Beyond signalling a new cultural era at Microsoft, the layoffs are also a clear message that the company is ready to engage and compete in the cloud. The announcement of the cuts came in the same month that Apple and IBM's new partnership was revealed - a strategy designed to restore confidence in iOS devices working with enterprise cloud networks. To meet the challenge from Apple and Google, Nadella is counting on reinvigorating Microsoft's innovation culture, focusing on mobile hardware and software development "to win in the higher price tiers". The cuts, which strip away layers of management, are designed not only to save money, but empower Microsoft's engineers and developers - and make the company as a whole more "nimble and decisive".
Ambition and determination
Many analysts believe Microsoft previously underestimated the success its competitors would achieve in the mobile market - an assumption which makes recent developments a clear statement of intent. A leaner, fighting-fit mobile division should, in theory, make Microsoft able to react quickly to changes and challenges in the marketplace, while anticipating and developing the kind of services their users want to see.

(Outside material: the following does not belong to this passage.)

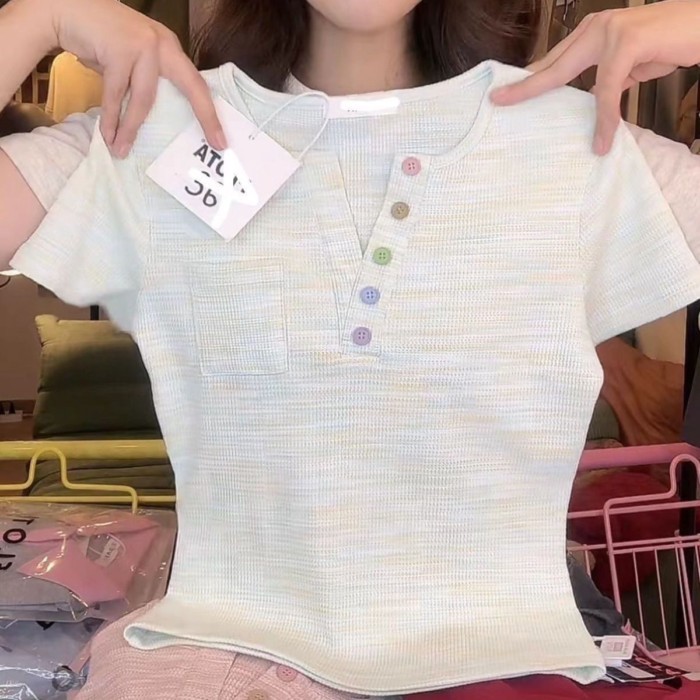 Nút màu Dopamine Hàn Quốc Sọc Slim Tay áo ngắn Slim Sweet Girl Áo thun ngắn Top Ins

What shape those services take remains to be seen, but some eye-catching flickers are already emerging. Earlier in 2014, Microsoft and Skype unveiled the beta of impressive real-time translation software, enabling speakers of different languages to communicate with each other (almost) instantaneously on their mobile devices. Elsewhere, Microsoft's Bing team is working on 'Cortana', a virtual personal assistant to surpass Apple's Siri feature on the iPhone. There will also, it has to be assumed, be countless novel email, document and storage features to come.
The old Microsoft may be no more, but the new, improved Microsoft is already making its ambition and determination known - and creating a more exciting and diverse mobile landscape for everyone.